# Work shop location suggestions



## bluemoon (14 Jun 2020)

I am hoping to build a workshop.

I have figured I need at least 10m^2 floor area and will use the garage for kit car and metalworking, existing shed for general gardening/kids toys/equipment, and the log store will be for the family’s bikes.

My main problem is where to site the workshop. We have a nice large garden but do not wish to remove the trees, as they provide both fruit (cider!) and also stop the house being overlooked (the large Firs). 







Most options end up under trees.

There is also a possibility that the workshop may end up being moved (my wife’s job will dictate this we have tended to move every 5 years or so) and I may consider making the workshop de-mountable and movable.
Eventually, I will knock down the Garage/log store and shed, to make way for a proper car and woodworking shop and the plan would be to turn the "new workshop" into a garden office. This is a much longer-term project if we don’t move.

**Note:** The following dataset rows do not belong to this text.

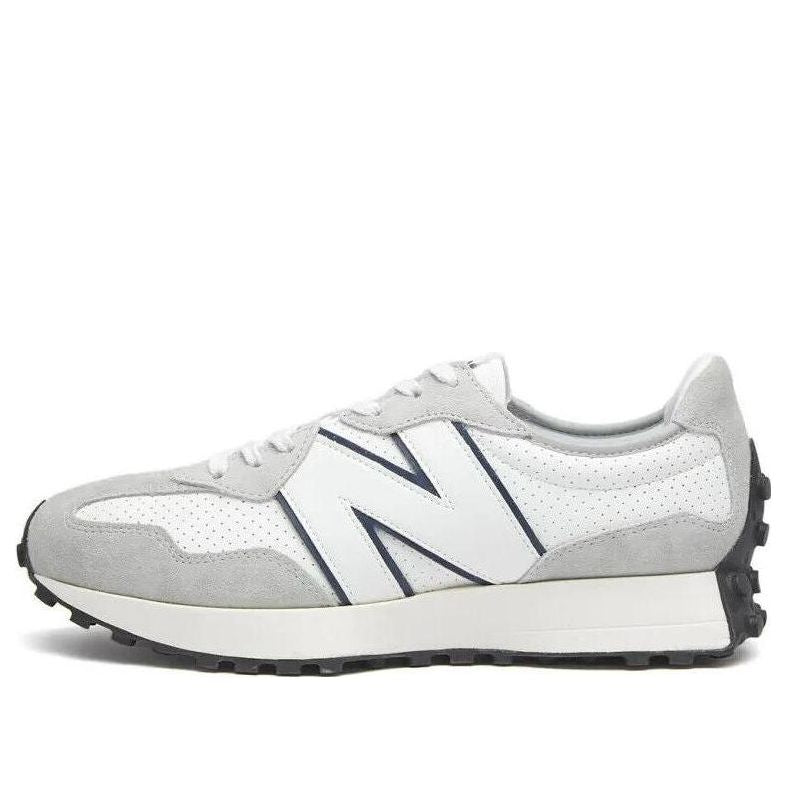 New Balance 327 'Brighton Grey White' MS327NH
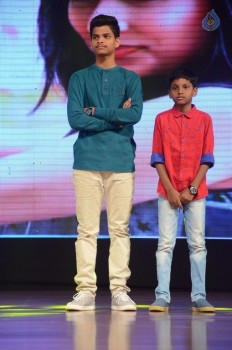 Jakkanna Audio Launch 2 - 36 of 84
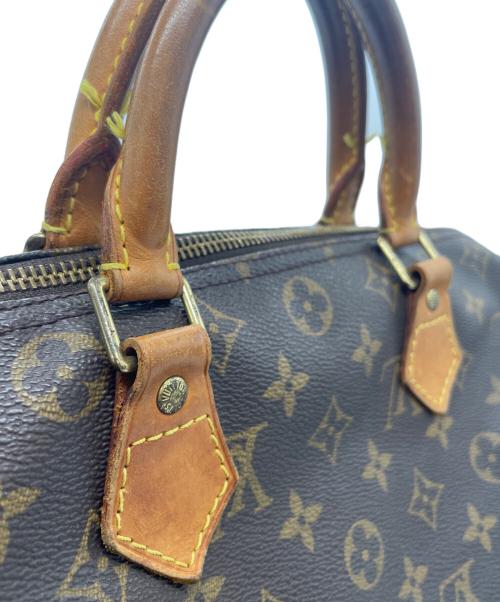LOUIS VUITTON（ルイ ヴィトン）LOUIS VUITTON (ルイ ヴィトン) ハンドバッグの古着・服飾アイテム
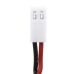 Batería de la cámara de seguridad del hogar Dual-lite CS-EMC750LS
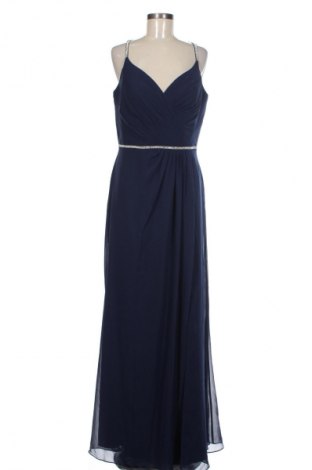 Kleid Magic Nights, Größe L, Farbe Blau, Preis 80,99 €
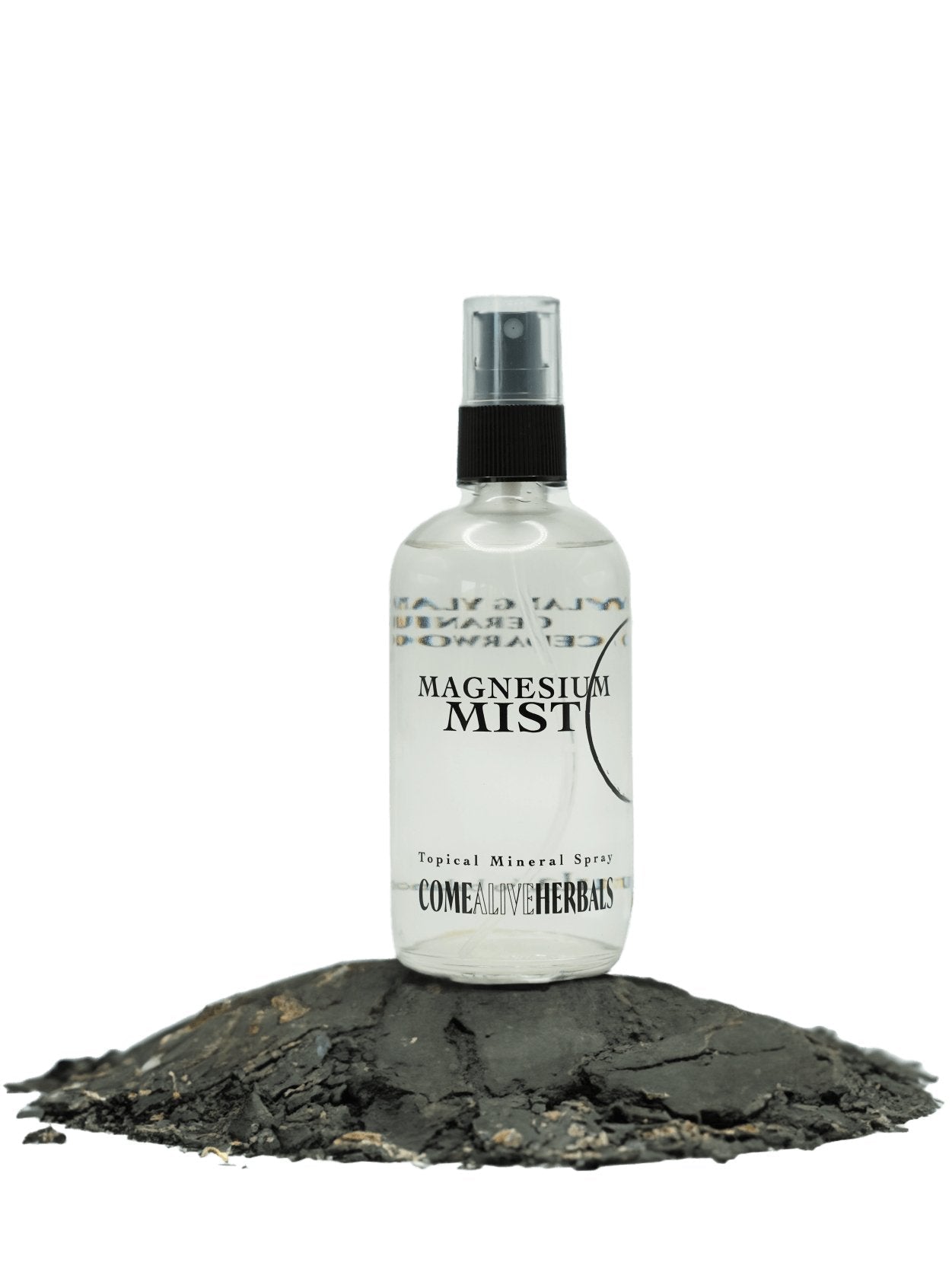 Come Alive Herbals Hormone Balance Bundle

Where would you locate it in my garden? 
Dan


----------



## MikeG. (14 Jun 2020)

There's not enough context there. Is this urban or rural? Where is the house? Where are the neighbours? Where is the access into the garden? What happens at the end of the garden (is it a field, a street, a neighbouring garden......?)?

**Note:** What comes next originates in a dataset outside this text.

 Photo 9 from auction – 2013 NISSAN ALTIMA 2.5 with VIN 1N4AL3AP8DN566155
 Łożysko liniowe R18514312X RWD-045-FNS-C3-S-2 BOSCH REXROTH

Unless you are just a turner, for instance, 10 sq m seems a tad small. If you are going to go to the trouble of building a workshop I'd suggest building one which was a little bigger than that.


----------



## bluemoon (14 Jun 2020)

Hi Mike,

Good point, some more information:

Urban, (market Town).

To the left; the white area in the back of the house.

On the bottom edge is a 2m boundary fence with carpark to old people's homes.

The right side is a neighbors garden from the next street along.

The top is a small ~80cm wall with neighbors' gardens.

The Garden is fairly flat.

Access to garden down the side of the house, onto the road (as vehicle access to the garage).

Looking for thoughts and comments, so if more info is needed ask!

Dan


----------



## MikeG. (14 Jun 2020)

If I were designing this I would also want to know the location of buildings and other important stuff in adjoining gardens. We'd also need to know if this was a Conservation Area and/ or if the building was Listed. Anyway, the obvious place for me would involve the removal of the smaller of the apple trees...the one to the left of the path, standing alone. 

Curious that you have a couple of trees which are absolutely vertical. :lol: :lol:


----------